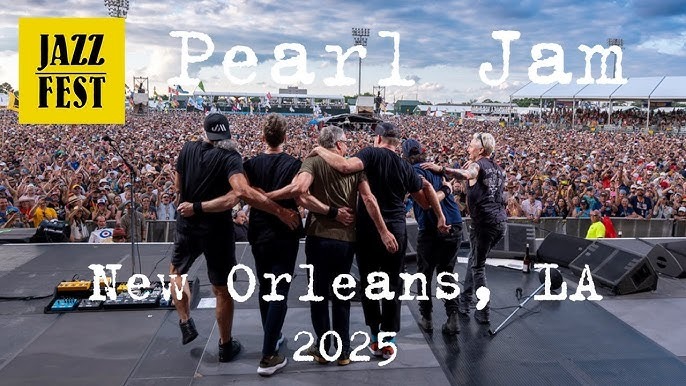 Video: Pearl Jam Tear Through a Hit-Packed Jazz Fest Set In 2025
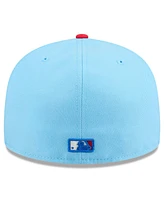 New Era Men's Light Blue/Red San Diego Padres 2025 Fourth of July 59FIFTY Fitted Hat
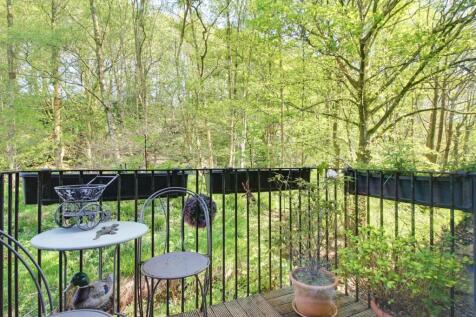 Balcony overlooking river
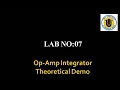 Op-Amp Integrator Theory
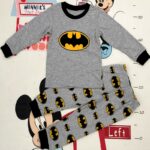 Ensemble de surpyjama pour garçon avec motif de super héros Bat Man 7 ans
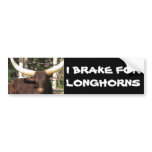 I BRAKE FOR LONGHORNS bumper stickers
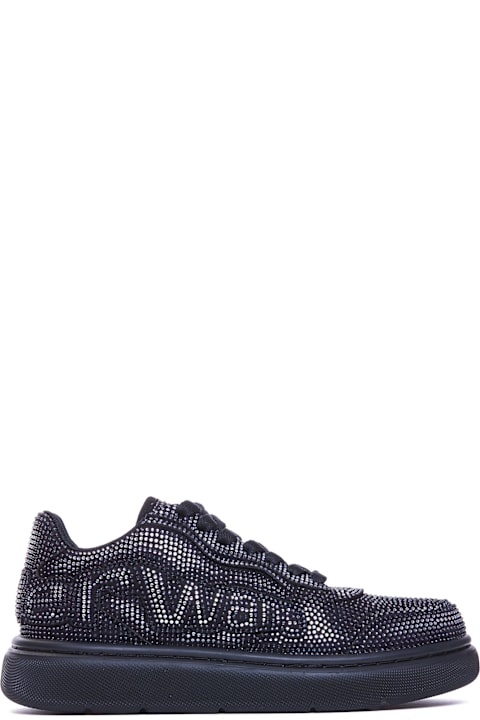 Alexander Wang for Women Alexander Wang Logo Sneakers With Rhinestones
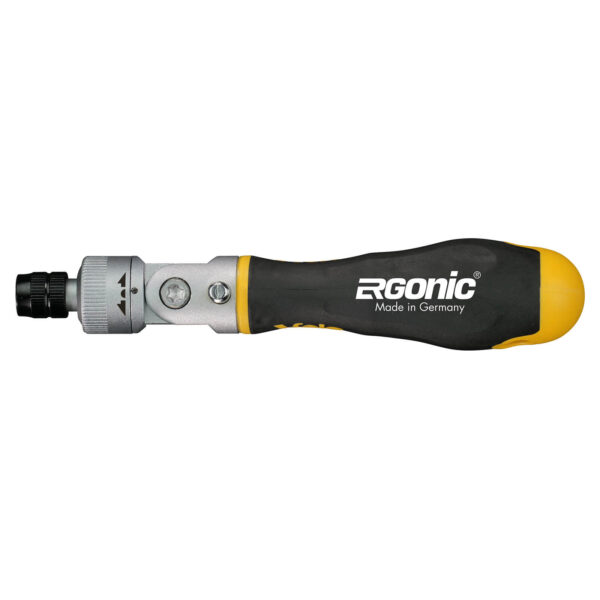 Felo Hochleistungs-Ratsche Ergonic K 43899940 Umschaltknarre Steckschlüssel 1/4" mit Knickmechanismus – Bild 2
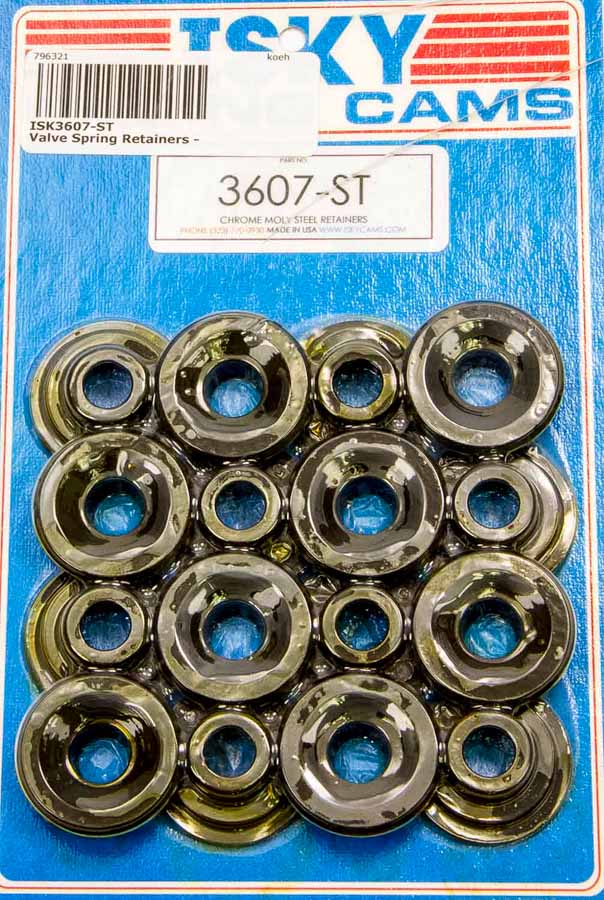 707STA 7 deg Steel Valve Spring Retainers, Pack of 6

* [WHAT IS NEEDED] An exact copy of every entry above is required, without the pictures.

* [RESULT]
 Video: Pearl Jam Tear Through a Hit-Packed Jazz Fest Set In 2025
 New Era Men's Light Blue/Red San Diego Padres 2025 Fourth of July 59FIFTY Fitted Hat
 Balcony overlooking river
 Op-Amp Integrator Theory
 Ensemble de surpyjama pour garçon avec motif de super héros Bat Man 7 ans
 I BRAKE FOR LONGHORNS bumper stickers
 Alexander Wang for Women Alexander Wang Logo Sneakers With Rhinestones
 Felo Hochleistungs-Ratsche Ergonic K 43899940 Umschaltknarre Steckschlüssel 1/4" mit Knickmechanismus – Bild 2
 707STA 7 deg Steel Valve Spring Retainers, Pack of 6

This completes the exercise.